Product Performance

Follow

Comments

12 comments

  • Avatar
    Eric Jacobs

    "More details will be available once a complete root cause analysis has been completed."

    It's been several days, and there has never been any follow up from MemberClicks. I avoided using MemberClicks most of yesterday, because I didn't know whether the problems had been fixed or not -- I was waiting for the promised follow-up before wasting any more time as I did throughout Tuesday.

    Today, all appeared to be fine when I first logged in and started doing things -- but then for a period of about 10 minutes shortly after 3 p.m. Eastern, the ENTIRE application appeared to be completely down, back end AND front end. Now, it's back up, but I just don't know what is going on. (That is, perhaps it was some other Internet routing problem, and not the MemberClicks app, although I had no problems getting to various other sites on the Internet during this outage.) I urge  MemberClicks to do better communicating with your customers!

  • Avatar
    Scott McLeod

    We apologize again for any inconvenience that the issues on Tuesday caused.  The root cause is still being explored so that it does not happen again. 

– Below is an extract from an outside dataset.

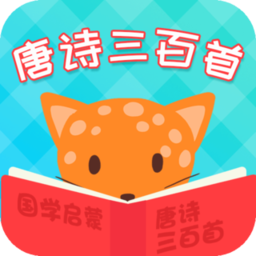 唐诗三百首国学启蒙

    We had no issues with the product yesterday at all.  

    There was a brief slowdown just after 3:00 pm EST today which lasted for a matter of minutes and was not related to the issues on Tuesday.

  • Avatar
    Duncan McCreery

    Hi Everyone,

    We wanted to take a moment to recap what happened last Tuesday and the steps that were taken to remedy the problem.  

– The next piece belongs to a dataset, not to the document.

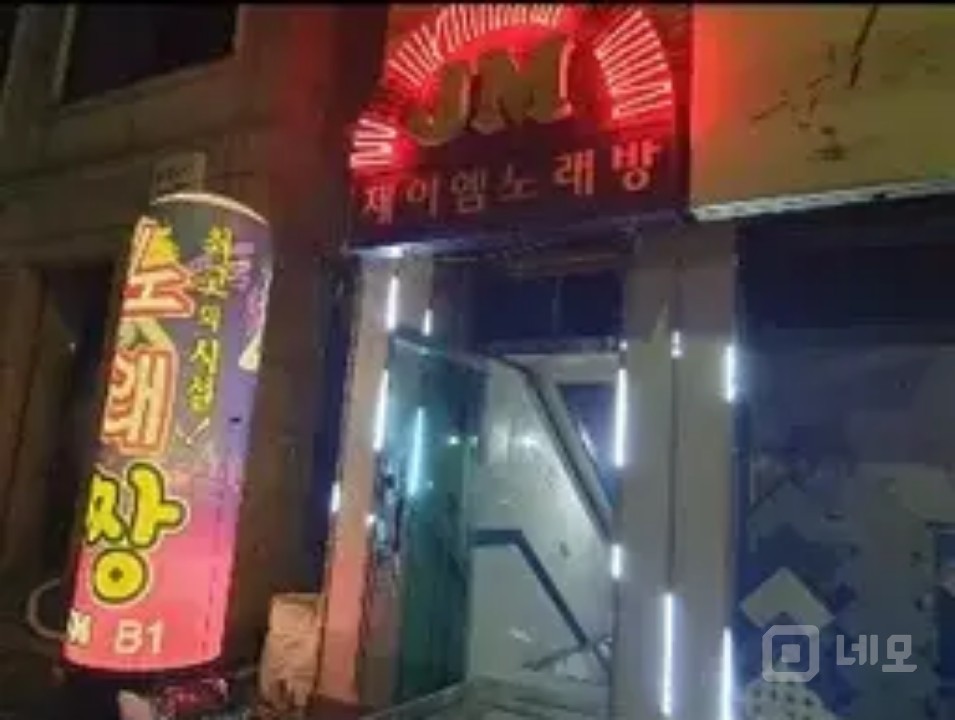 노래방  매물의 4번째 사진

    A few minutes after 11 a.m., we saw a few issues that affected the legacy CMS, advanced search, and a few other areas of the application.  Shortly after noticing the problems, we addressed the problematic web server which returned everything back to normal.  However, as we moved into the afternoon, the same issues appeared and were affecting the entire application.  At this time, we began working with the team at our data center as there weren't any load average or memory issues which would normally be the culprit for this type of problem.  

    As the team investigated and troubleshot various potential causes, application performance would be restored and revert back to sluggishness throughout the afternoon.  From this analysis, we discovered that tomcat worker threads (the functions within a server that execute tasks) on two of the application servers were at their maximum.  The tomcat web server configuration was adjusted to address the max threads problem, but by this time the loads on the main apache server were beyond remedy by restart.   

    Ultimately, we added more CPU and memory to one of the web servers, restructured the SAN configuration and executed a full restart of the virtual machine, all of which was completed shortly after 6 p.m. ET to return performance back to normal.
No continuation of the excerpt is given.